The acquisition follows a set of climate goals launched earlier this year by Manulife, including a commitment to target net zero portfolio emissions by 2050, and plans to continue growing its green investments portfolio.
Sarah Chapman, Global Chief Sustainability Officer at Manulife, said:
“We are pleased to have the opportunity to acquire a significant impact-first asset which continues the execution of our climate action plan we shared in May when we committed to accelerate the development of investment strategies for those interested in natural climate solutions that capture even more carbon per dollar invested.”
The company stated that the acquisition is an opportunity to integrate natural climate solutions into its investment decisions. The timberlands will be used primarily to store carbon, and Manulife may opt to sell the carbon credits as offsets or use the carbon removals in order to meet its net zero goals.
Tom Sarno, Global Head of Timberland Investments, Manulife Investment Management, said:
“We are well-positioned to seek positive climate impact and to invest in assets to create carbon sequestration and other conservation opportunities derived from forests for the benefit of our clients. We believe impact-first investments can meet the needs of those who are interested in offsetting carbon emissions and who may value other positive environmental or social impacts as well as generating financial returns.”

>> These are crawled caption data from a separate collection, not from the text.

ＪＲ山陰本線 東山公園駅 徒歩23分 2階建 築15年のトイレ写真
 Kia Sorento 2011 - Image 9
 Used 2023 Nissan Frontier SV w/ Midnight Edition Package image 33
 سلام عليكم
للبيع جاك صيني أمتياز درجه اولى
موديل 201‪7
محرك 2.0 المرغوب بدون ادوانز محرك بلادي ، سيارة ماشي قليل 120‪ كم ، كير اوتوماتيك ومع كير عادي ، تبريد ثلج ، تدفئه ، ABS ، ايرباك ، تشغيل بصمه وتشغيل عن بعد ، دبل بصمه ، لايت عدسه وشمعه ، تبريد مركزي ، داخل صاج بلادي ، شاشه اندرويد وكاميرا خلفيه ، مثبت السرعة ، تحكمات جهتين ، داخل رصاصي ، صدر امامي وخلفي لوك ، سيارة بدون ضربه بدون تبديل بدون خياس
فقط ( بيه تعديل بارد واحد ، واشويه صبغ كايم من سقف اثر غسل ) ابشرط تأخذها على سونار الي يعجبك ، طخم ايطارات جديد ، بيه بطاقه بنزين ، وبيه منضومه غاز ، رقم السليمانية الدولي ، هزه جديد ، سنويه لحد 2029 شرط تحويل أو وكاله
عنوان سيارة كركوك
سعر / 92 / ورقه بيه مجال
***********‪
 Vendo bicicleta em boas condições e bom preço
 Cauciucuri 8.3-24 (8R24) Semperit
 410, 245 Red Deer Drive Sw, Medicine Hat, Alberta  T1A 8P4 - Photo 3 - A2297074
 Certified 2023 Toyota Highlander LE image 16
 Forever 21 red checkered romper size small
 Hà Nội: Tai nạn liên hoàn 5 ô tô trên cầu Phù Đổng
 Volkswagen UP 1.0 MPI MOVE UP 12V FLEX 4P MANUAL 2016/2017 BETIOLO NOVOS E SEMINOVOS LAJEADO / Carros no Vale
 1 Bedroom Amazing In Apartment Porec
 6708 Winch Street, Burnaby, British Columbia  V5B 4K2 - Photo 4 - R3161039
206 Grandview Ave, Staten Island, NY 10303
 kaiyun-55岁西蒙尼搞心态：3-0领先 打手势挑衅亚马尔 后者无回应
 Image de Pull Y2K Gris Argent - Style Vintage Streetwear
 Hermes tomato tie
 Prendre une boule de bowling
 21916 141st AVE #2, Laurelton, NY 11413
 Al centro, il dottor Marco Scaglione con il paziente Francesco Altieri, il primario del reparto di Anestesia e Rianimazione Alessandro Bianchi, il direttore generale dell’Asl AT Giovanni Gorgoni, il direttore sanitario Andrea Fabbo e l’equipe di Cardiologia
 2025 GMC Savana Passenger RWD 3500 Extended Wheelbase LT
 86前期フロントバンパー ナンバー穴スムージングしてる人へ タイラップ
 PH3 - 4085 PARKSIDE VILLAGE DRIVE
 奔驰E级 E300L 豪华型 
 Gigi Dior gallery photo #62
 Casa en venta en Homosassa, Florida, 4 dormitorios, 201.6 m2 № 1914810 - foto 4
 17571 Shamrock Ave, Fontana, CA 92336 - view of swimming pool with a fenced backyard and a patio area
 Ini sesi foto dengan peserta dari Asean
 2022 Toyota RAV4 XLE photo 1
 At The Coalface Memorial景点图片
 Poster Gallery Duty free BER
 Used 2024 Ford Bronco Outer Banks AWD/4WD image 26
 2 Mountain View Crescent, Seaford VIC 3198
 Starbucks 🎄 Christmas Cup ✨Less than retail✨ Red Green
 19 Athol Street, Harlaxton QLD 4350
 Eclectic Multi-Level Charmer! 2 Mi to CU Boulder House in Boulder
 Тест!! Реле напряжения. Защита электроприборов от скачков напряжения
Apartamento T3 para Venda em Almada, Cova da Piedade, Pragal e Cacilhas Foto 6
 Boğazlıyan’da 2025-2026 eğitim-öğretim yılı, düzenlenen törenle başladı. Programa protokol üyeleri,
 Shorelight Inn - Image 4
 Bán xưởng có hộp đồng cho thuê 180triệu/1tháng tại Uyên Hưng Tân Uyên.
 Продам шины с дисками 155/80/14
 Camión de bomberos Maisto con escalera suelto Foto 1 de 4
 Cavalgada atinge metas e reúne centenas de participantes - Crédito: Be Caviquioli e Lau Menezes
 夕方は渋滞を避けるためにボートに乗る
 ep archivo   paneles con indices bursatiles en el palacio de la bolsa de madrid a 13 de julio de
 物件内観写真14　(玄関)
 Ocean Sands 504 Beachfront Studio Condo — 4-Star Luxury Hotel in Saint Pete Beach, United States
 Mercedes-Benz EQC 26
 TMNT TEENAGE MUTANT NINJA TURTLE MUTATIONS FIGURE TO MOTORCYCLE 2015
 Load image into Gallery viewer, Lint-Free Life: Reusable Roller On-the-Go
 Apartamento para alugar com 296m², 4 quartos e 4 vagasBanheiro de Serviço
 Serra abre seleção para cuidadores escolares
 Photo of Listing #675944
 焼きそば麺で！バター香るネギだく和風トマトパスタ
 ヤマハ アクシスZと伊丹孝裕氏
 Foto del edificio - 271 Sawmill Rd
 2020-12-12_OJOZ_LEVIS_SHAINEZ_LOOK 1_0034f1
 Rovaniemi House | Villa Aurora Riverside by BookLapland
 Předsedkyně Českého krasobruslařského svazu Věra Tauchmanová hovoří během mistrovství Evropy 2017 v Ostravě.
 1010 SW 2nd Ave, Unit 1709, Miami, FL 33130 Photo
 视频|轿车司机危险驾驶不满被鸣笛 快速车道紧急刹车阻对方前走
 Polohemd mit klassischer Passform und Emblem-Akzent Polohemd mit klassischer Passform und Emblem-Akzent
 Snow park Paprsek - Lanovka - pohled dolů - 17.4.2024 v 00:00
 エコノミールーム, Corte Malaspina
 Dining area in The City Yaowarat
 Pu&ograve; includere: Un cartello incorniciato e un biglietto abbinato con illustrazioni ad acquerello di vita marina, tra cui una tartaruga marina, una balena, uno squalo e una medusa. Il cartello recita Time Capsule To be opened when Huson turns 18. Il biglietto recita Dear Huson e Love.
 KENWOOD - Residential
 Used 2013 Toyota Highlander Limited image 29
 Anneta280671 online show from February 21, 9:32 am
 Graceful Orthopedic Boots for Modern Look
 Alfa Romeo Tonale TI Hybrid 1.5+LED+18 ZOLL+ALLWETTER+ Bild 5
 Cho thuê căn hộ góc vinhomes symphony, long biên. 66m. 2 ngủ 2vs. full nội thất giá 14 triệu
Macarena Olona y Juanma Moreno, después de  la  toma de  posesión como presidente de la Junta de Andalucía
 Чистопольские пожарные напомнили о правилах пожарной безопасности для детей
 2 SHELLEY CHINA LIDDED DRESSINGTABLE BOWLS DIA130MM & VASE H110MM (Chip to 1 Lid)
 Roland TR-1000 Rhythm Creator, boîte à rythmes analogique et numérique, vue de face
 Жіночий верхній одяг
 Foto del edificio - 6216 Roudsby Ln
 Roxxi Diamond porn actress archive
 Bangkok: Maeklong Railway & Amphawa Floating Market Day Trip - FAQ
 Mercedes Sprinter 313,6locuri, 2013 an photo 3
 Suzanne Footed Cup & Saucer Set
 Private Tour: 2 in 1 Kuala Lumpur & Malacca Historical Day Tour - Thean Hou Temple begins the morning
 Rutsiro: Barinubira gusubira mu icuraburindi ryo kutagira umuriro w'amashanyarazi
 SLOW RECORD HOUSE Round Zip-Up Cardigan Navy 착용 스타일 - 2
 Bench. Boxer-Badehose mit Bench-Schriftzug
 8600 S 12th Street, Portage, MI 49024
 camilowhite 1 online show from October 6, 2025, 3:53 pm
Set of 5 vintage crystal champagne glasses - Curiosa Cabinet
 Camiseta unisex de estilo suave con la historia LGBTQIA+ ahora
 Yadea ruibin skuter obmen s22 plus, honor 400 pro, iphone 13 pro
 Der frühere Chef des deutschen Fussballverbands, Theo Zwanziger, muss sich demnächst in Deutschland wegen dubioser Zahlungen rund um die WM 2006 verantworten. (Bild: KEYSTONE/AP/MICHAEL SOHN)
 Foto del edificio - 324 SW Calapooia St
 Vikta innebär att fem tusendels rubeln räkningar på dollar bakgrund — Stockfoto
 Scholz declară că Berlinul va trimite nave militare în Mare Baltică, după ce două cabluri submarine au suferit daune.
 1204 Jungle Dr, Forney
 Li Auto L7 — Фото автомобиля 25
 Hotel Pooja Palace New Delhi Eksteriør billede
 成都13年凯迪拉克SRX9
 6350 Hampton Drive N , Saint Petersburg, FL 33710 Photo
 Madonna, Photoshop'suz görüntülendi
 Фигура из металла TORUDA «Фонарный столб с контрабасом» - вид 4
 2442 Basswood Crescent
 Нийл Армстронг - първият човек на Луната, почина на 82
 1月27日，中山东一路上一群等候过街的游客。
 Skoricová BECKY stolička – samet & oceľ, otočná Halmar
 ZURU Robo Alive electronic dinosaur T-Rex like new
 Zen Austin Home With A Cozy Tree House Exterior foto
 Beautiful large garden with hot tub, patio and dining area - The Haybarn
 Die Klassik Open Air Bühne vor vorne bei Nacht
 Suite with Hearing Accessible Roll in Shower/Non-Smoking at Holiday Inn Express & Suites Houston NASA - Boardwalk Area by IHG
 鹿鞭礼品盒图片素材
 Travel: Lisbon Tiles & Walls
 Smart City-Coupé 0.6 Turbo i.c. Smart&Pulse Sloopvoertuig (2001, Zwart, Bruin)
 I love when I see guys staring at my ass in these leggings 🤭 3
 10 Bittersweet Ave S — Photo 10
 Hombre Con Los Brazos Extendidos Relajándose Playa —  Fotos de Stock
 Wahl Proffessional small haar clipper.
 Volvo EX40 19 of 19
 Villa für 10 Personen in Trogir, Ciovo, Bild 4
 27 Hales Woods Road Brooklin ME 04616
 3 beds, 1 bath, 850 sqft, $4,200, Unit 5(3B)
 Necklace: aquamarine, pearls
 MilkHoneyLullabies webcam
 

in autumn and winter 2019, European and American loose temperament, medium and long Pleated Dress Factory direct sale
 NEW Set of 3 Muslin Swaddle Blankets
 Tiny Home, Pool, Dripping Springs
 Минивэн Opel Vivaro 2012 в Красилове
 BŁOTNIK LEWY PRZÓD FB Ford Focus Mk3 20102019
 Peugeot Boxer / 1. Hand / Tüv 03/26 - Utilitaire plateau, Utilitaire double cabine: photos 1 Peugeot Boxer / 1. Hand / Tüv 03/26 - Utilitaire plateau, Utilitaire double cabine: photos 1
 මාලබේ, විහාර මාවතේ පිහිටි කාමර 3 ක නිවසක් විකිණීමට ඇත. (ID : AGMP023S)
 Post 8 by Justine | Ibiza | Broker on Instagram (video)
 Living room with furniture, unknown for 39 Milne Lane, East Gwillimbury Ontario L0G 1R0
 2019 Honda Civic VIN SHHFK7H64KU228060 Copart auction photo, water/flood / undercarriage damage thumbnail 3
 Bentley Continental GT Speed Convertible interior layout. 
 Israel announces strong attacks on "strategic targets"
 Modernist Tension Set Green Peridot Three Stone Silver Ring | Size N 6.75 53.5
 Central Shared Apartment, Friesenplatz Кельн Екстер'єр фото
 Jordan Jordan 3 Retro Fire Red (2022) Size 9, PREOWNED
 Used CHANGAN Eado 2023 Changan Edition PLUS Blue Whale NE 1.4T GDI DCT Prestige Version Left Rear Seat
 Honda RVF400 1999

The acquired property is a contiguous block of timberlands in Somerset Country, Maine, with a diverse mix of naturally regenerated spruce-fir and northern hardwood tree species. The block will be used for sustainable stewardship practices as a working forest and will be a subject to a working forest conservation easement with recreation opportunities.
According to Manulife Investment Management, its timberland and agriculture portfolios have removed averagely 2.24 million metric tons of CO2 from the atmosphere every year over the past 5 years.
Brian Kernohan, Chief Sustainability Officer, Private Markets, Manulife Investment Management, said:
“The amount of carbon a forest can store is directly proportional to the volume of timber in that forest. Advanced light detection and ranging technology for timber volumes in our forests now allow us to measure forest carbon sequestration with improved accuracy – providing investors with even more quantifiable data for carbon storage. We are committed to the proactive management and stewardship of these timberlands to help meet both return and sustainability objectives.”